Each year the United States reports about 370,000 deaths due to coronary disease, according to the National Heart, Lung, and Blood Institute. According to some statistics, more than 2 million people get a stent each year.
Actor Susan Lucci has shared her story of having two stents placed into her arteries after doctors found blockage, due to calcium buildup, in two of her arteries.
In 2018, Lucci was taken to the hospital after experiencing some pain in her chest. After some tests, her doctor found that one of her arteries was 90 percent blocked while another had 70 percent blockage. Stents were used to reopen each artery and restore blood flow.
A stent is a small wire mesh tube that helps prop a clogged artery open. Stents, which are permanent, are inserted through a procedure called a percutaneous coronary intervention (or angioplasty). The procedure, which involves a small balloon to help open the artery, is done through an artery in your groin, wrist or arm area.
Once the stent reaches the blocked area, the balloon is inflated to help break up the blockage and open the artery. When the artery is open, the balloon is deflated and removed, and the stent remains in place to keep the artery open and blood flowing to help reduce the risk for future heart attacks or stroke.
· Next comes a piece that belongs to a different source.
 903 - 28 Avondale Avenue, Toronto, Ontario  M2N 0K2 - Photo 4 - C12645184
There are two main types of stents your doctor may use — a non-coated wire mesh or a drug-eluting stent. The latter has a polymer coating that, over time, releases drugs to help prevent the blockage from returning.
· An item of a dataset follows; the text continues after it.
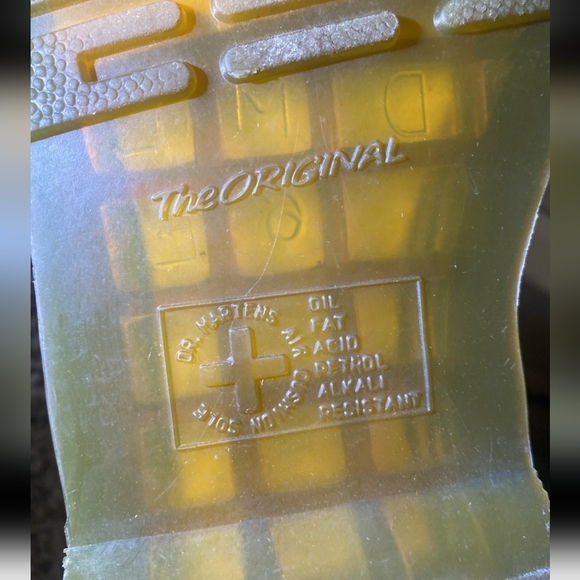 Dr Martens Boots m8 - Picture 4 of 8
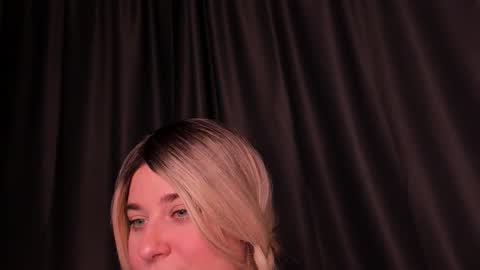 Mary online show from October 14, 6:00 pm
Stents are just one tool doctors use to treat heart disease. If your heart disease is considered stable but you still have some angina or other conditions, your doctor may suggest lifestyle changes (diet, exercise, quit smoking, etc.) and medications to treat your condition.
If your heart disease is more severe, your doctor may recommend bypass surgery, particularly if your heart muscle is weak, the artery that brings blood to the left side of your heart is too narrow, or if you are a diabetic and have multiple blockages.
Patients who undergo a stent procedure often recover faster and have less discomfort than those who undergo bypass surgery. Stents also help reduce the re-narrowing of the arteries, a condition called restenosis.
Patients who have stents implanted will need to take medication after the procedure to help prevent blood clots from forming in the stent. Your doctor may recommend aspirin or other antiplatelet drugs.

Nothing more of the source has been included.